Even researchers fluent in the cast of characters connected to the John F Kennedy assassination may not know the name of George Joannides ( 1922 – 1990 ) or his significance in the crime, but American patriot and attorney Jim Lesar knows very well who he is, as does the Central Intelligence Agency.
Considerable time elapsed between the assassination and the discovery of Joannides, whose last significant act of criminality occurred when he worked as liaison between the House Select Committee on Assassinations (HSCA) and the CIA circa 1977-79. Prior to that, Joannides was a CIA agent who headed the agency’s psychological warfare branch of JM/WAVE through which capacity he helped organize the militant Cuban expatriate group DRE which participated in or supported the CIA’s murder of President John Kennedy. Joannides also had contact with Lee Oswald, the alleged lone nut, in 1963.

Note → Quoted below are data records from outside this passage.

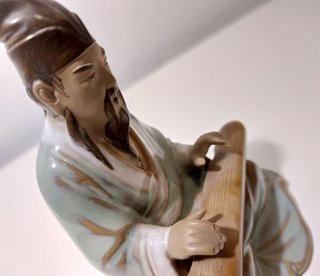 Figura antigua 1950 de Shiwan Mudman, Yu Boya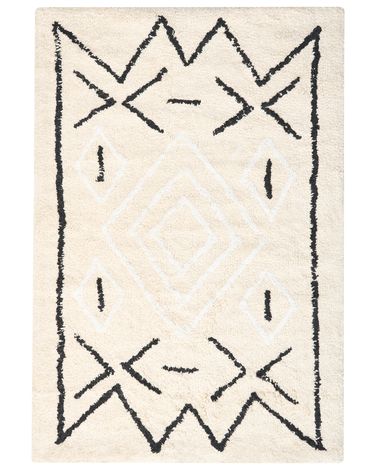 Tapis de bain UNTLA Beige clair 60 x 90 cm Coton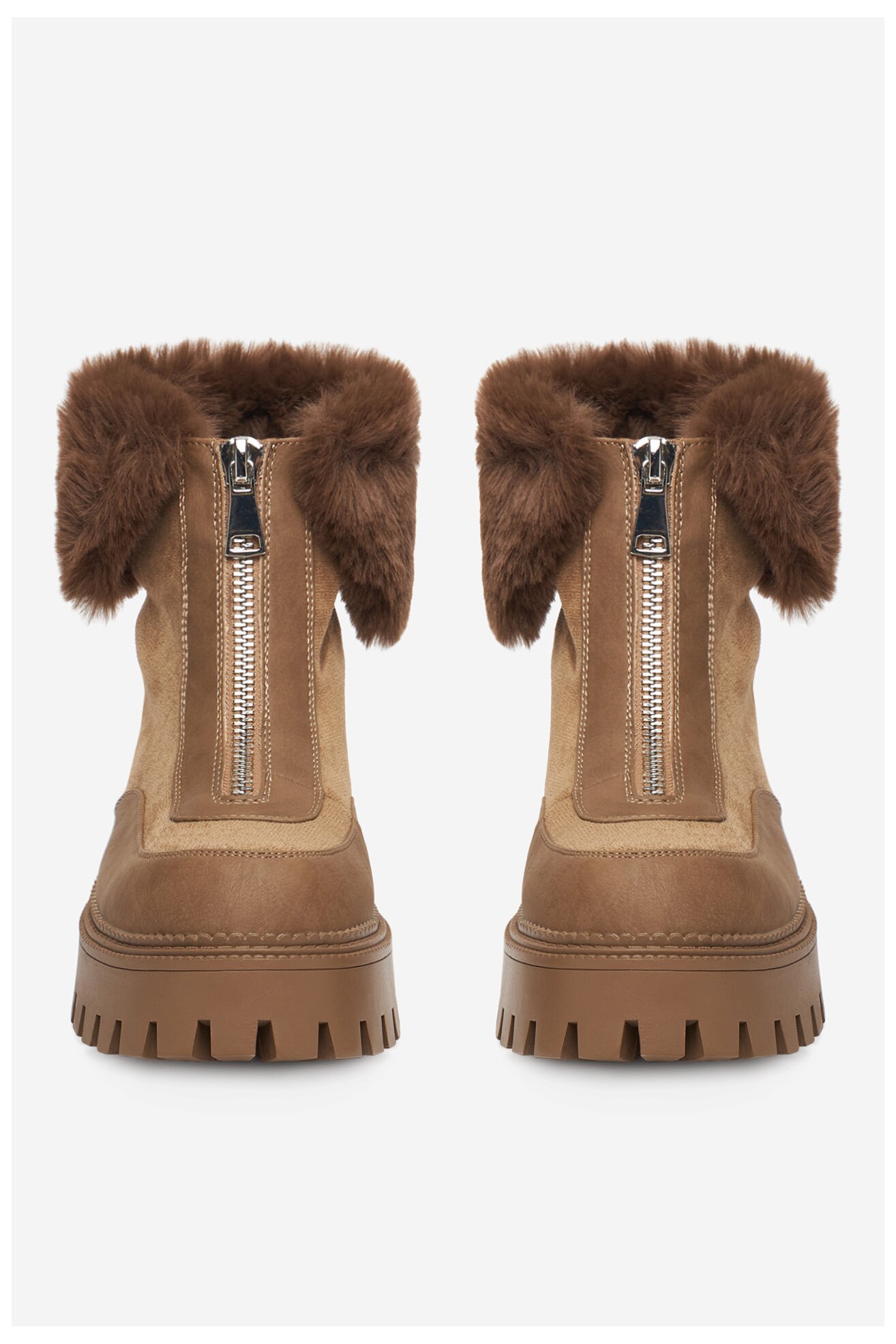 Botki DeeZee 19001-1 Beżowy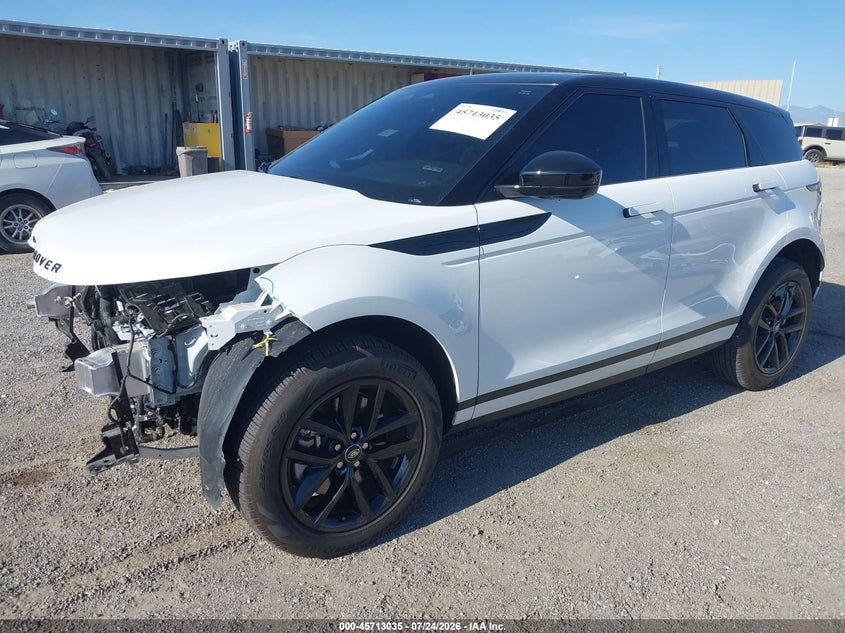 Vin: salzj2fx4rh240759, lot: 46211691, land rover range rover evoque core s 20242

Joannides was supposedly retired from the CIA, engaged in private law practice, during the 1970s when the agency asked him to return to serve as its liaison with HSCA. The Memorandum of Understanding between the HSCA and the CIA required that the CIA disclose Joannides' relationship with the agency, but more importantly any information about those involved in the DRE, information which the CIA deliberatly withheld.
In his capacity as liaison, Joannides operated covertly to undermine the work of the HSCA’s oversight activities of executive branch agencies and departments, a crime which Mr Lesar notes is a direct assault on democracy and a felony offense. But having murdered a president, it is a trifle bit ridiculous to suppose that the CIA would be concerned about rules of oversight.

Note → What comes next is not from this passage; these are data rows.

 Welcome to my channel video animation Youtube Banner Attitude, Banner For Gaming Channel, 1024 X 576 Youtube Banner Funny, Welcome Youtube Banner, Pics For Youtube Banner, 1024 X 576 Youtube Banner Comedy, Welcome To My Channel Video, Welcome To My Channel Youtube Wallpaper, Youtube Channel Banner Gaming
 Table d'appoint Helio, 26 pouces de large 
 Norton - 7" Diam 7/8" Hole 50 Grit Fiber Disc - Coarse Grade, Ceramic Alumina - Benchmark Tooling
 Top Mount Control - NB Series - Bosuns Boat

Jefferson Morley discovered the covert operations of Joannides and his employer years later, prompting him to file a lawsuit in 2002 in federal court to enforce Freedom of Information Act release of CIA documents related to Joannides. The CIA successfully lobbied its puppet judges to rule on narrow technical matters of the case, rather than on the material fact and substance of it.
For example, the DC Court of Appeals remanded the case back to district court on the grounds that the CIA's claim for Exemption 2 classification of documents was not applicable to the Joannides collection. Exemption 2 protects documents related to internal personnel and practices rules. Yet the court refused to rule on Exemption 1 which covers classified documents. Since these early documents are 50 years old, they are subject to release regardless of their prior classification. Lesar has argued that this claim by the CIA is a disputed issue of material fact, requiring discovery or trial. The judge refused to consider the plaintiff’s claim, ignoring it as though it did not exist. The CIA is withholding nearly 300 documents on such grounds.

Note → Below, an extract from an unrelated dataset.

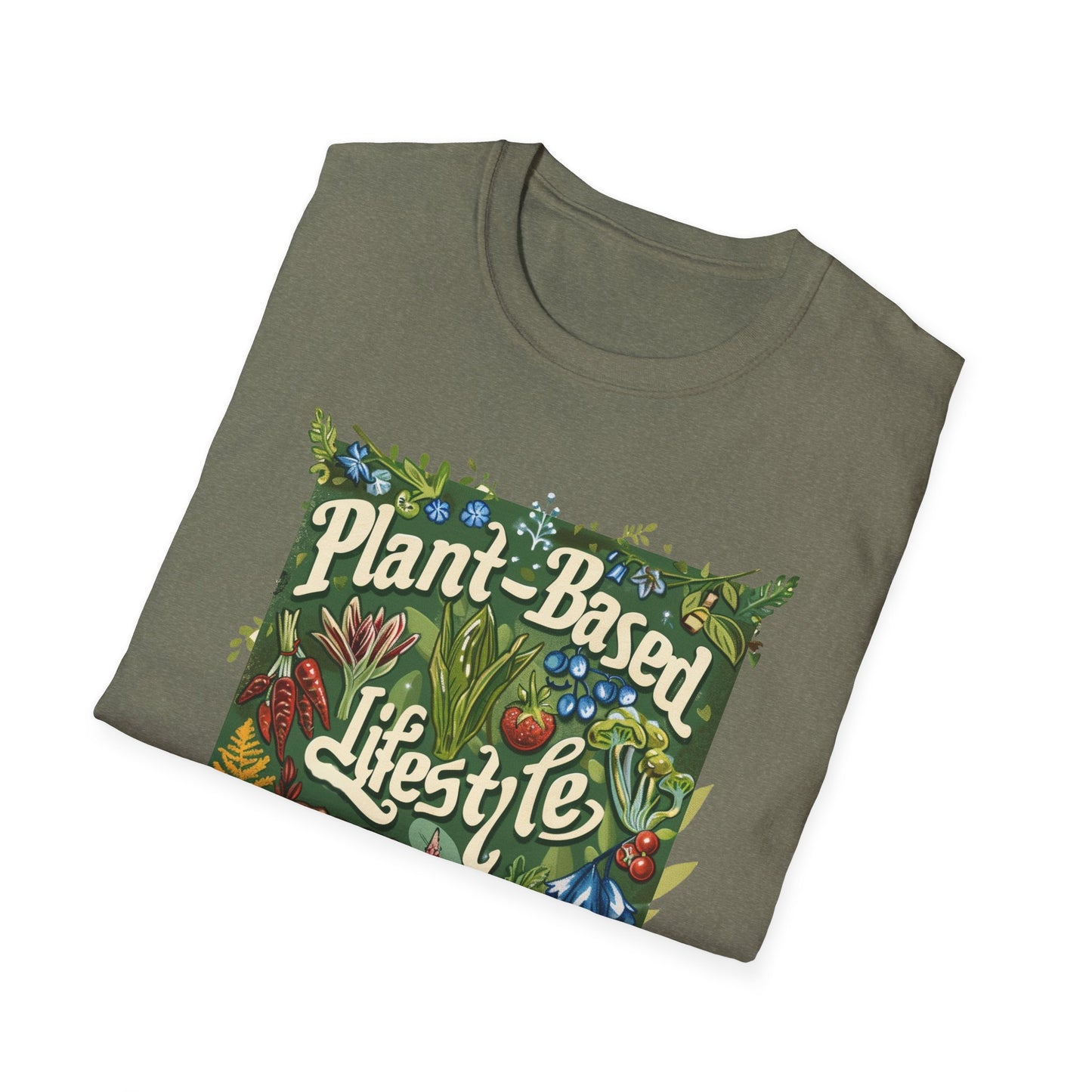 Plant Based Lifestyle #2 - Unisex Softstyle T-Shirt (UK)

The Joannides file collection is interesting not only because of Joannides’ involvement with the Kennedy assassination, but more specifically because of his contact with Lee Oswald in 1963. Ironically enough, the CIA has placed similar documents in the JFK Records Act collection in the National Archives but is seeking to protect these half century old items.
Not only does the Department of Homeland Security claim that assertion of privacy is admission of guilt or criminal activity, but it is unclear why an association with a lone nut would endanger the CIA. Clearly the agency’s protestations are inculpatory and should be released on grounds of national security.